[SOURCE MATERIAL]:
Segment Open
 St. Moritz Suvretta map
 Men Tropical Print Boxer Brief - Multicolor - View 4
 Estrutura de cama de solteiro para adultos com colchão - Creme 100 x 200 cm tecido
Segment Closed
Segment Open
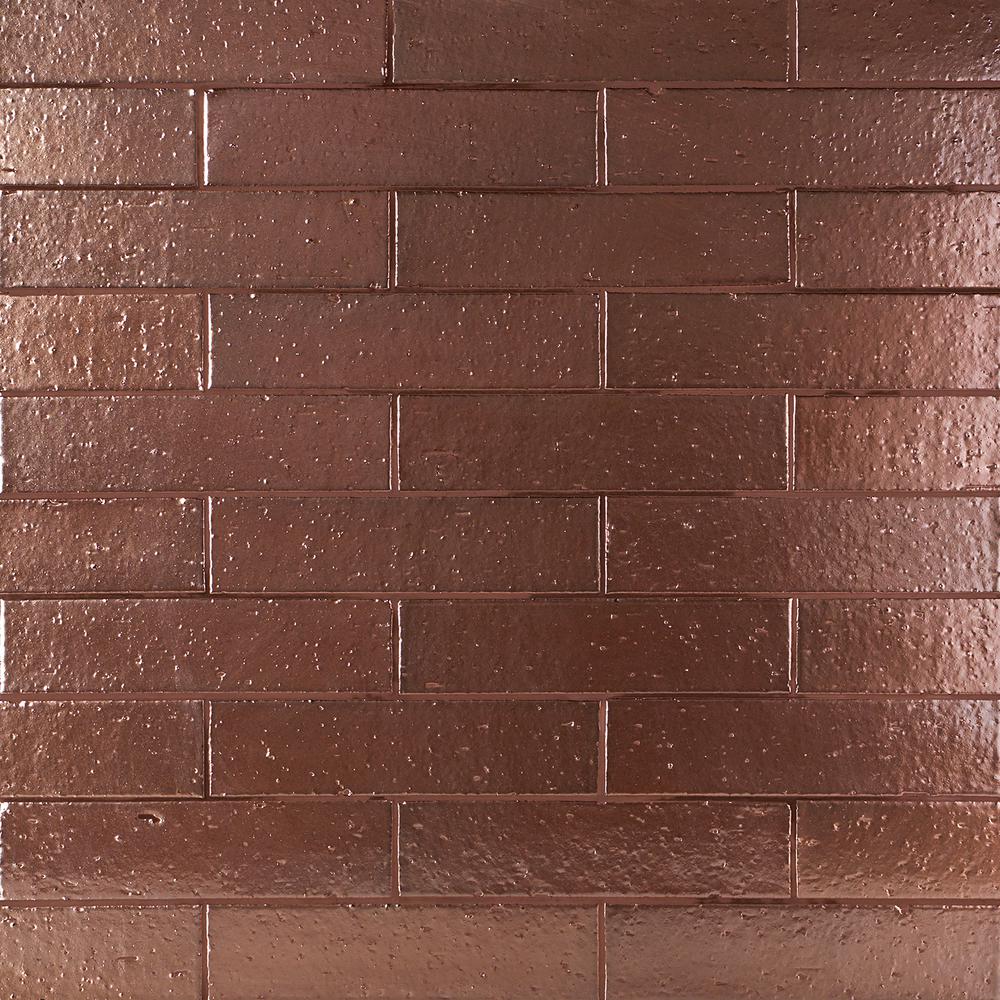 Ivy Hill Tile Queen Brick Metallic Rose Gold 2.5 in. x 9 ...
Segment Closed
Segment Open
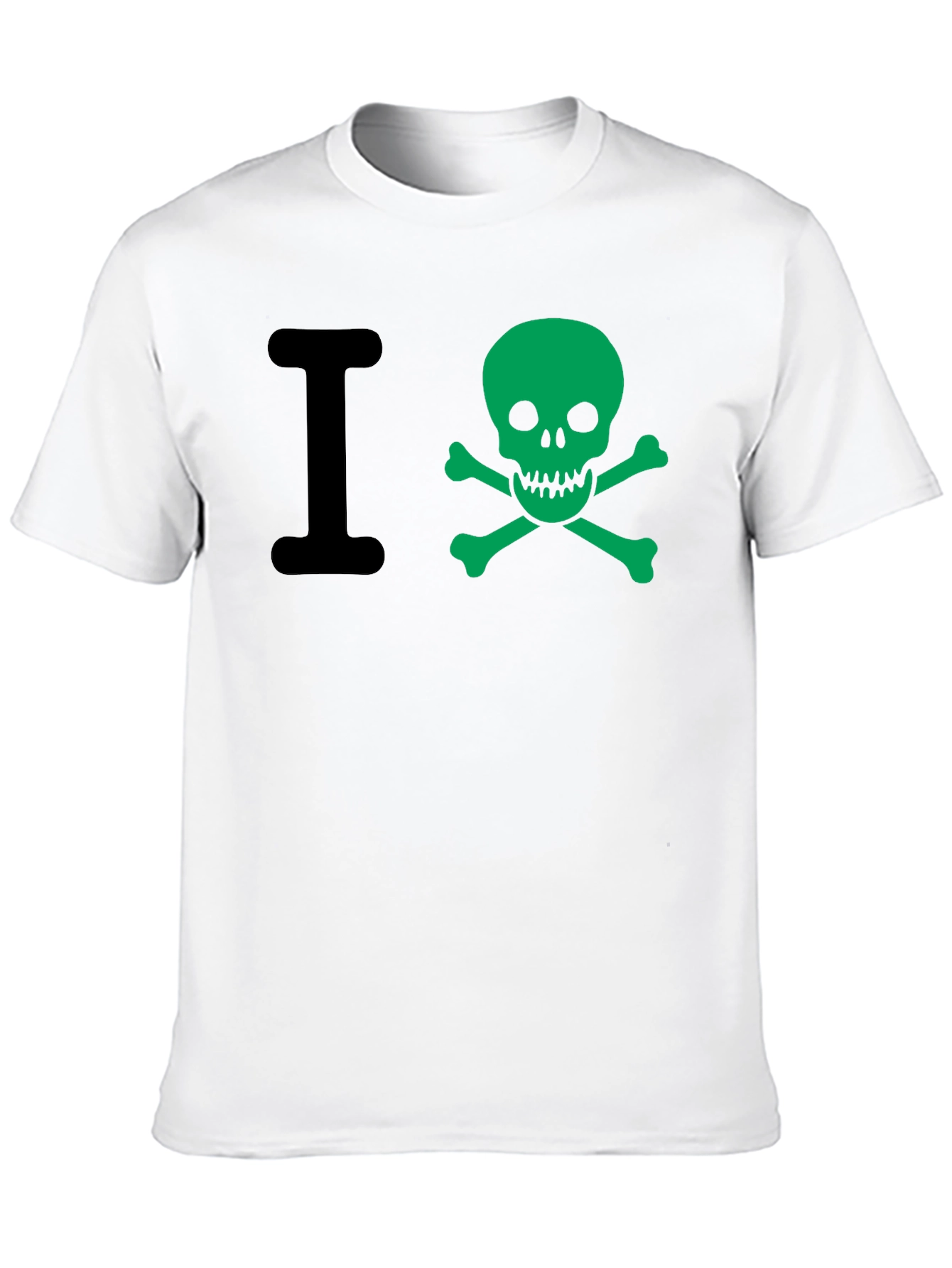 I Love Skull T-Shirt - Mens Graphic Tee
Segment Closed
[INSTRUCTIONS TO FOLLOW]: Your task is to retype the entries verbatim, starting with the line that holds "St. Moritz Suvretta map" and stopping after the line that holds "Estrutura de cama".

[RESPONSE BELOW]:
 St. Moritz Suvretta map
 Men Tropical Print Boxer Brief - Multicolor - View 4
 Estrutura de cama de solteiro para adultos com colchão - Creme 100 x 200 cm tecido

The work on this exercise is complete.